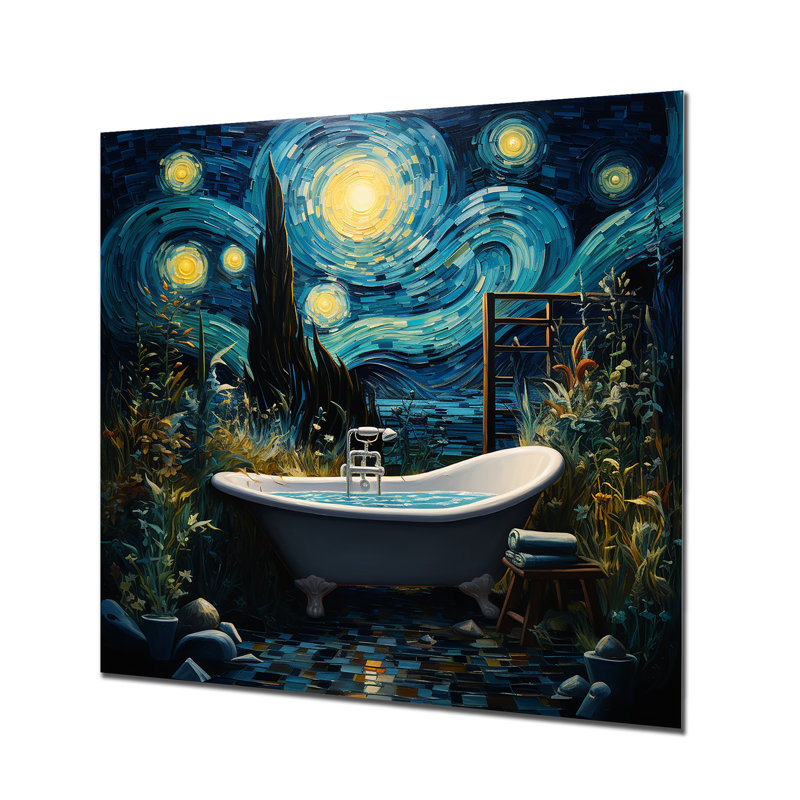 «Blue Starlight Bathroom IV - Raven», art mural en métal, H 16 po x l 16 po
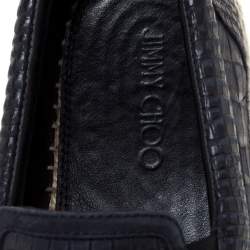 Jimmy Choo Blue Croc Embossed Leather Vlad Slip On Sneakers Size 42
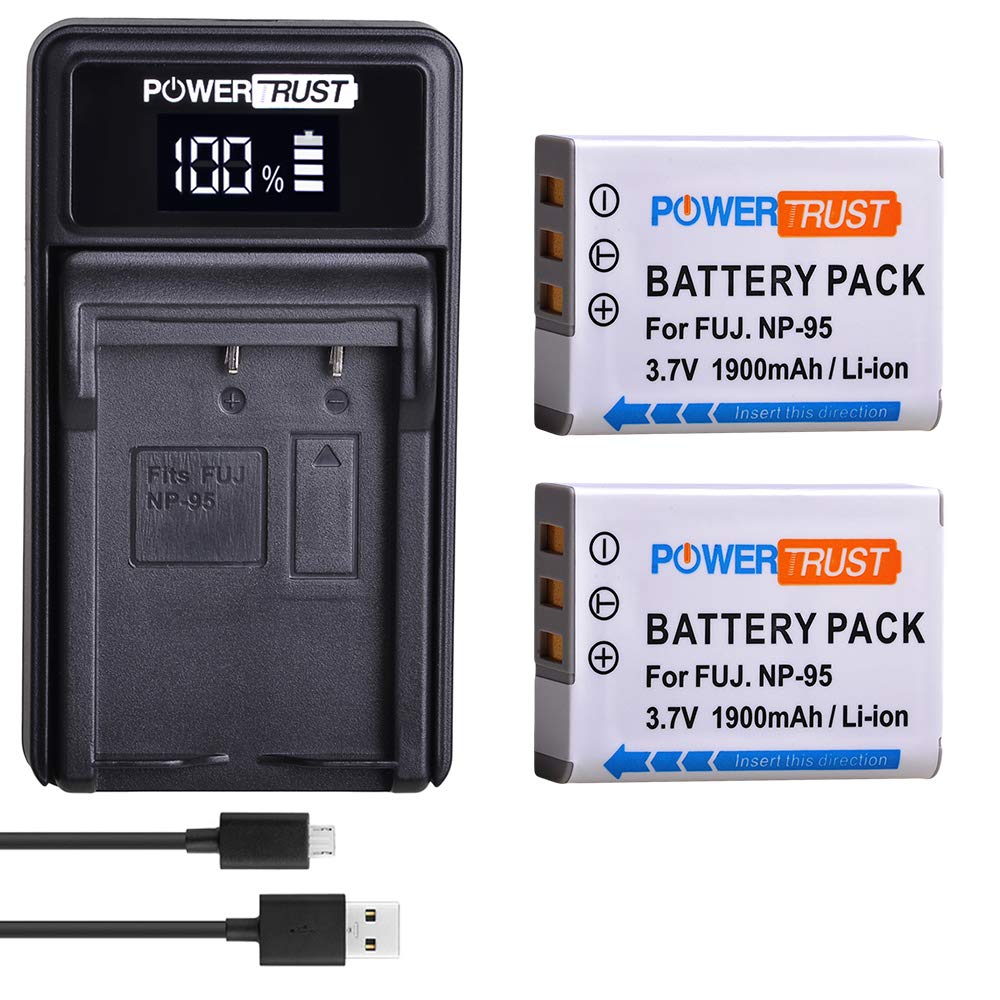 Powertrust 2X 1900Mah Np 95 Np95 Np 95 Li Ion Battery And Charger For Fujifilm Np 95 F30 F31 F30Fd F31Fd 3D W1 X100T X100S X100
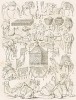 Упряжь и сёдла арабских лошадей, осликов, мулов и верблюдов, рисованные с натуры во время путешествия по Египту в 1838 году (из "Путешествия на Восток..." герцога Максимилиана Баварского. Штутгарт. 1846 год (лист XII))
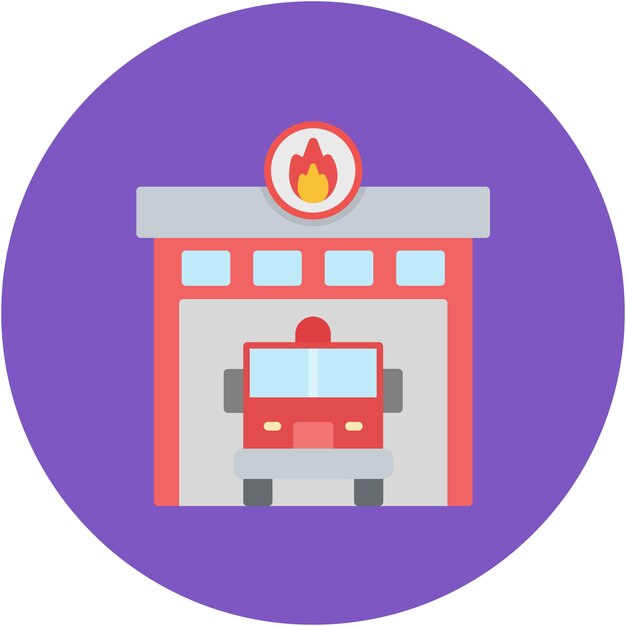 Estilo de ilustración vectorial del garaje de bomberos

◆ **Directions for this task**: When you reproduce the entries above, keep every word exact and leave the images out.

◆ **The answer**:
 «Blue Starlight Bathroom IV - Raven», art mural en métal, H 16 po x l 16 po
 Jimmy Choo Blue Croc Embossed Leather Vlad Slip On Sneakers Size 42
 Powertrust 2X 1900Mah Np 95 Np95 Np 95 Li Ion Battery And Charger For Fujifilm Np 95 F30 F31 F30Fd F31Fd 3D W1 X100T X100S X100
 Упряжь и сёдла арабских лошадей, осликов, мулов и верблюдов, рисованные с натуры во время путешествия по Египту в 1838 году (из "Путешествия на Восток..." герцога Максимилиана Баварского. Штутгарт. 1846 год (лист XII))
 Estilo de ilustración vectorial del garaje de bomberos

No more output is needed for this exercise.